### [What you should do]
The lines from the start of the records through the one containing "Mint Green Elegance: Handcrafted" are to be restated word for word; please include both ends.

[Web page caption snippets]
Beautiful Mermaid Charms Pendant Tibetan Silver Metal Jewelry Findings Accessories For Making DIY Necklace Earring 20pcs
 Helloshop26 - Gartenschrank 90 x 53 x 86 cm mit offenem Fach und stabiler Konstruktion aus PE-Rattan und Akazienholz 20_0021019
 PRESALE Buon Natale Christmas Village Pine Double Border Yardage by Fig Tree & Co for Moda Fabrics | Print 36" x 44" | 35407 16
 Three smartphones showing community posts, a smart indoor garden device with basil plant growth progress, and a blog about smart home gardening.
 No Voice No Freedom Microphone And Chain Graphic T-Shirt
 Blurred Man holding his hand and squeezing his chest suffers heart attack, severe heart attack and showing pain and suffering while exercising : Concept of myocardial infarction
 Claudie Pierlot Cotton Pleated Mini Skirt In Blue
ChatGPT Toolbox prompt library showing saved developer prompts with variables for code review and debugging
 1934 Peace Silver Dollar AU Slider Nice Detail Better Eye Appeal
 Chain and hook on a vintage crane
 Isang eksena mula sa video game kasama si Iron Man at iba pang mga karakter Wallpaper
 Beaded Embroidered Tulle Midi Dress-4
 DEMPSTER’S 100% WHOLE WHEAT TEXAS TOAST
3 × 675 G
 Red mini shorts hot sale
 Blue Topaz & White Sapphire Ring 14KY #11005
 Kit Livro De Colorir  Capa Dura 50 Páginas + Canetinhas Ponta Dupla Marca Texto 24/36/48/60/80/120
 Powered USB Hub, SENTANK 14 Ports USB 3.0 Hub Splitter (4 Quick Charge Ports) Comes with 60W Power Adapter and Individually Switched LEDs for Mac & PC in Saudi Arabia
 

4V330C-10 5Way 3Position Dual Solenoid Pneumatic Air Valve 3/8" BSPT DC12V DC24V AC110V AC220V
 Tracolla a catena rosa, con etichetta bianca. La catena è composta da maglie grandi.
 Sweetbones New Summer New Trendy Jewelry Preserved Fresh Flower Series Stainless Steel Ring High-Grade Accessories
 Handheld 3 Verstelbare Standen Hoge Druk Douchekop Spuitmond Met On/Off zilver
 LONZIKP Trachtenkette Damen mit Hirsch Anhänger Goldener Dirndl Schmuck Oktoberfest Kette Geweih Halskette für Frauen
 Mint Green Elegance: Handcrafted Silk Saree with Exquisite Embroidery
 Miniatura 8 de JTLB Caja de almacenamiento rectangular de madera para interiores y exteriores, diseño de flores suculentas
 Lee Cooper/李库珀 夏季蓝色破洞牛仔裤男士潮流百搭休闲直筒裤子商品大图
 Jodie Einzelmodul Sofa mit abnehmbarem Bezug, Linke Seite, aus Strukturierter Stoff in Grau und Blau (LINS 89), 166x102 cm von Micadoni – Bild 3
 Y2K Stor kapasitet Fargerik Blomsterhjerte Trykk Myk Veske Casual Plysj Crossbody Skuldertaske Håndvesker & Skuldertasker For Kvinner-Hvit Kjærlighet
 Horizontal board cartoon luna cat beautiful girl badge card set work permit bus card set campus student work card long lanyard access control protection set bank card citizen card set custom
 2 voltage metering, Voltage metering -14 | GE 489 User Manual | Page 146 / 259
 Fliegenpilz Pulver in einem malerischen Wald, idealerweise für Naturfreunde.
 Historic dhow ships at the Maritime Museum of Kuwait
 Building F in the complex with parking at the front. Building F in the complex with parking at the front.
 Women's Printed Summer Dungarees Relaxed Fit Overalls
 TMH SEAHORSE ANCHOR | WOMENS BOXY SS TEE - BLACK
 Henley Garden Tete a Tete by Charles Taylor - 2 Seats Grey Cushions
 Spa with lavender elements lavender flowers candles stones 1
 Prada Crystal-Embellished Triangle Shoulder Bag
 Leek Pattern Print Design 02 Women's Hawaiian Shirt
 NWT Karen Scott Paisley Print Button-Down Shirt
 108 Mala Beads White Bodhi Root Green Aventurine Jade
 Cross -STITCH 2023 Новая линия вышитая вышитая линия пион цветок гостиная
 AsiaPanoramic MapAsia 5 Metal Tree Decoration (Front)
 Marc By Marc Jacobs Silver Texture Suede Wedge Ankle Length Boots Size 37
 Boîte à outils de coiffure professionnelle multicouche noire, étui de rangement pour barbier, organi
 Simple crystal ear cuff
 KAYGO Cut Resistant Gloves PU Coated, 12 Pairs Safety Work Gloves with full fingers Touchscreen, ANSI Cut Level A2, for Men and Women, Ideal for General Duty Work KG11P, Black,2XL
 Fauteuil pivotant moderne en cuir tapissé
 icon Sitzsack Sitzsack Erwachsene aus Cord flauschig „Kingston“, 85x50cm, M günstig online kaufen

### [Response box]
Beautiful Mermaid Charms Pendant Tibetan Silver Metal Jewelry Findings Accessories For Making DIY Necklace Earring 20pcs
 Helloshop26 - Gartenschrank 90 x 53 x 86 cm mit offenem Fach und stabiler Konstruktion aus PE-Rattan und Akazienholz 20_0021019
 PRESALE Buon Natale Christmas Village Pine Double Border Yardage by Fig Tree & Co for Moda Fabrics | Print 36" x 44" | 35407 16
 Three smartphones showing community posts, a smart indoor garden device with basil plant growth progress, and a blog about smart home gardening.
 No Voice No Freedom Microphone And Chain Graphic T-Shirt
 Blurred Man holding his hand and squeezing his chest suffers heart attack, severe heart attack and showing pain and suffering while exercising : Concept of myocardial infarction
 Claudie Pierlot Cotton Pleated Mini Skirt In Blue
ChatGPT Toolbox prompt library showing saved developer prompts with variables for code review and debugging
 1934 Peace Silver Dollar AU Slider Nice Detail Better Eye Appeal
 Chain and hook on a vintage crane
 Isang eksena mula sa video game kasama si Iron Man at iba pang mga karakter Wallpaper
 Beaded Embroidered Tulle Midi Dress-4
 DEMPSTER’S 100% WHOLE WHEAT TEXAS TOAST
3 × 675 G
 Red mini shorts hot sale
 Blue Topaz & White Sapphire Ring 14KY #11005
 Kit Livro De Colorir  Capa Dura 50 Páginas + Canetinhas Ponta Dupla Marca Texto 24/36/48/60/80/120
 Powered USB Hub, SENTANK 14 Ports USB 3.0 Hub Splitter (4 Quick Charge Ports) Comes with 60W Power Adapter and Individually Switched LEDs for Mac & PC in Saudi Arabia
 

4V330C-10 5Way 3Position Dual Solenoid Pneumatic Air Valve 3/8" BSPT DC12V DC24V AC110V AC220V
 Tracolla a catena rosa, con etichetta bianca. La catena è composta da maglie grandi.
 Sweetbones New Summer New Trendy Jewelry Preserved Fresh Flower Series Stainless Steel Ring High-Grade Accessories
 Handheld 3 Verstelbare Standen Hoge Druk Douchekop Spuitmond Met On/Off zilver
 LONZIKP Trachtenkette Damen mit Hirsch Anhänger Goldener Dirndl Schmuck Oktoberfest Kette Geweih Halskette für Frauen
 Mint Green Elegance: Handcrafted Silk Saree with Exquisite Embroidery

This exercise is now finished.